Property is one of the biggest purchases you will make in your lifetime. For first-time buyers, it’s important to get your finances in order before house hunting or applying for a mortgage.
Your credit score is essential for securing a mortgage loan and can help you get a lower interest rate. As you prepare to buy a home, learn how to get your credit history ready.
Get Financially Educated
Although lenders consider factors like your debt-to-income ratio and employment status, a good credit score can result in more savings and be the difference between qualifying for an FHA loan or a conventional mortgage.
Those with a lower credit score and less money for a down payment may consider an FHA loan, a government-backed mortgage insured by the Federal Housing Administration. A conventional loan meets the requirements for Fannie Mae or Freddie Mac, the leading sources of mortgage financing in the U.S.
To determine the amount for which you qualify, a lender may ask about your income, other assets, employment history and tax returns.
Check Your Credit Report
Credit reports illustrate how you manage credit, including your payment history and outstanding balances. A lender will look at how you have used credit in the past; the ideal buyer typically has multiple accounts with a long history of on-time payments.
You can obtain a free copy of your credit report from Experian, Equifax and TransUnion once a year to check accounts, balances and activity on each report. Report any discrepancies to the credit bureaus right away, as it can take up to 45 days to be investigated and corrected.
Depending on the error, removing or correcting the issue may improve your score and help you qualify for a lower interest rate.
Address Outstanding Debts
Chances are you have student debt, credit cards, an auto loan – or all three.

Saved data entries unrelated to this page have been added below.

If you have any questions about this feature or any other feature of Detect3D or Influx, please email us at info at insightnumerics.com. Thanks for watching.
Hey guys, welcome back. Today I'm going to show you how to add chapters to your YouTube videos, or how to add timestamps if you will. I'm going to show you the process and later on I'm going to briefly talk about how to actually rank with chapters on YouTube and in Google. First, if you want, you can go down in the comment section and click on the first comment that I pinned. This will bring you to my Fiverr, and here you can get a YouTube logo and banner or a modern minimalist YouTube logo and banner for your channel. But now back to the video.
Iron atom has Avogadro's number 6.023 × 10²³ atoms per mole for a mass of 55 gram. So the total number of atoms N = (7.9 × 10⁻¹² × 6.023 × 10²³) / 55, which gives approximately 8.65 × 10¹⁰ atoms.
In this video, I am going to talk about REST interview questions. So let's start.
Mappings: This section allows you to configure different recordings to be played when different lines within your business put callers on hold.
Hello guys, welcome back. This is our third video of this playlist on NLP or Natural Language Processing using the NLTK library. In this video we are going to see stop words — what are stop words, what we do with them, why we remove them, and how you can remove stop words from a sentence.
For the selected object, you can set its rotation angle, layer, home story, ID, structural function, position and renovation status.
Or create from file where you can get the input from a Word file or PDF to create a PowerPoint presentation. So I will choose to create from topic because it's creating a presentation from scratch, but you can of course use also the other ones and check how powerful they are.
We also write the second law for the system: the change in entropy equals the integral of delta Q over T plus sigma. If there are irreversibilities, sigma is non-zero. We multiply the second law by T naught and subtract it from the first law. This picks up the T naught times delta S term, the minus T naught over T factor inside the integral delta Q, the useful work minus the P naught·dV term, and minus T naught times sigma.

These open balances influence your credit score and debt-to-income ratio, which should ideally be under 36 percent. Less outstanding debt shows you’re in a better position to afford a mortgage payment, so it’s important to pay down your balances to help boost your credit score.
For credit cards, a higher utilization rate with large outstanding balances could impact your overall credit and lower your score, which affects your eligibility for a loan with a lower interest rate.
Pay Bills on Time
Keep your current financial habits in check as you look to qualify for a mortgage. Make sure all bills are paid on time – this factor accounts for about one-third of your credit history.
While late payments can initially have a sharp impact on your score, their effect lessens with time. Should you have a previously unpaid or delayed bill payment, wait at least six months before applying for a mortgage.
Do Not Close Accounts
You might have an older line of credit that’s no longer in use and think that closing it will help raise your score. Yet by doing so, you lose that available credit which lowers your credit utilization ratio. As such, the percentage of available credit you’re using would jump, a risk to lenders that may influence the loan type, amount and interest rate offered to you.
If you’re in the process of paying down outstanding debts, keep these accounts open during the mortgage qualification phase to help improve your credit score.